Star Wars: Legacy Collection Joker Squadron Figures by Habsro

Ok, so sometime around three years ago I gave up collecting Star Wars figures and toys and sold off most of my collection. It was a decision that was partly motivated by me needing space (I wanted to convert my spare room into a library) and partly because I needed the money. But it was still a conscious effort to cut off Star Wars rather than the other toy lines I collected. I guess my main reasoning was that it had just gotten so out of hand. I had bookcases upon bookcases lined with loose figures, and more and more of those figures were based on characters I barely knew. Some of the EU figures I didn’t know at all and a growing number were coming from the Prequel movies that I really didn’t have a lot of enthusiasm for.

I did keep some items, like most of the figures for my Imperial army and some of the ships that I really liked, mostly from the Original Trilogy. I still have fun taking a look through some of the new Star Wars stuff that comes out, and I’m open to pick up a piece now and again, but the truth is that in the last three years or so, the only Star Wars toy that I’ve purchased was the Legacy Millenium Falcon. That is until now.

I was poking around Ross’ Toy Graveyard today, you know the horribly kept area in the back where dead toy lines go to rot. From time to time I’ve found some good stuff back there for good deals and today I was following up on a lead that they were starting to get in some of those GI JOE Assault on Cobra Island sets. I didn’t find any of those, but I did find this Joker Squad set for $14.99 and I decided, “what the hell… why not.” It does go with the Imperials that make up the remains of my collection and I did actually read the Legacy comic that these figures are taken from (it was only Issue #4 and thus early enough in the series that I hadn’t quit on it yet). And considering this thing sold for more than twice that over at Entertainment Earth, I just couldn’t resist picking it up.

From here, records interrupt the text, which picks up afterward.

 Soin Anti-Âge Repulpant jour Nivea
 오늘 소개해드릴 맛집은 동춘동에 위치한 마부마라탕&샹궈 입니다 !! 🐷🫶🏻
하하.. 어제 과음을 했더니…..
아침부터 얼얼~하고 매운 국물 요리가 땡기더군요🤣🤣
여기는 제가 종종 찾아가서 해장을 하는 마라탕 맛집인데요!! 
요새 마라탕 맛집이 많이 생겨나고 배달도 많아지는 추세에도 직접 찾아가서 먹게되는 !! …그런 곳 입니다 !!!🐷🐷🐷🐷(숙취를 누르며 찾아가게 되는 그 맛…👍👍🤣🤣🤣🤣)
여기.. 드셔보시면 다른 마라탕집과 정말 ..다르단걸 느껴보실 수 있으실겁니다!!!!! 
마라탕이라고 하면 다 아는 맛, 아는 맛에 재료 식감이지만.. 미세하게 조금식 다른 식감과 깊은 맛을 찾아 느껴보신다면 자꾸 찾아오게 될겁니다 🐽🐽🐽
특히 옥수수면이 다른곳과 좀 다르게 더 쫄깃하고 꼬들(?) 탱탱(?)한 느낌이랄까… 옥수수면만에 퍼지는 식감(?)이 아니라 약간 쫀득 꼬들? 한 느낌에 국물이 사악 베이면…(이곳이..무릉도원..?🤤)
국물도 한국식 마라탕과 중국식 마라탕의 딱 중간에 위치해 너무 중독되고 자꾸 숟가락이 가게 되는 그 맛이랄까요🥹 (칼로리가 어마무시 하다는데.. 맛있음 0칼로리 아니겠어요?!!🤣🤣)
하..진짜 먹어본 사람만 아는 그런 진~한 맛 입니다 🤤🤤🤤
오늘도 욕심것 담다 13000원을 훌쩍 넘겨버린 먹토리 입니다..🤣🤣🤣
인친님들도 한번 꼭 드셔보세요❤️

The packaging is nothing special, but it does a nice job of displaying the figures, and best of all it is 100 percent collector friendly. You just open the side flap and slide out the tray. The only thing holding the figures down are those clear rubber bands, so a quick snip snip and you can get your figures out and return them to the tray with no worries. It also has a sticker denoting that it is a Limited Edition Entertainment Earth online exclusive. Now, if only Ross hadn’t cemented that friggin price label right to the window of the box. Grrrr.

If you haven’t read Legacy #4, I can’t really recommend it, unless you’re a crazy serious Star Wars junkie, and if that’s the case, you probably already did. Its ok. Its interesting in that it covers another Civil War within the Empire, this time dealing with renegade Stormtroopers defecting to support another Emperor pretender. The characters are all cliche war movie schlock. You’ve got Anson Trask, the “noob” that joins the squad right before the suicide mission; Harkas the hard-ass sargeant; Hondo, the silent type; Vax the scrounger; and Jes Gistang, the Squad’s token female, who for some non-sensical reason is in charge of the heavy gun, despite being the smallest of the bunch. There’s also Lord Maleval, a Sith Lord sent to go with the Squad and make sure they take out the 908th Division’s base.

The set consists of the five members of the 407th Division’s Joker Squad along with Maleval. Now keep in mind, as five of these figures are Stormtroopers, the set reuses the same body four times. The fifth is the now infamous first female Stormtrooper figure, Jes, for which Hasbro was generous enough to provide a unique, body sculpt and a new belt. She also comes with the “big gun” she used in the comic. The other troopers all come with their standard blasters and Hondo comes with his vibro knife. The only other difference among the Stormtroopers bodies is Sgt. Harkass has yellow stripes on the arms of his armor, which I didn’t remember him having in the comic, but when I dug out my copy to check… yep, there they are. These figures use the same rubbery removable helmets as the Legacy Collection Stormtrooper with Jango Fett’s face.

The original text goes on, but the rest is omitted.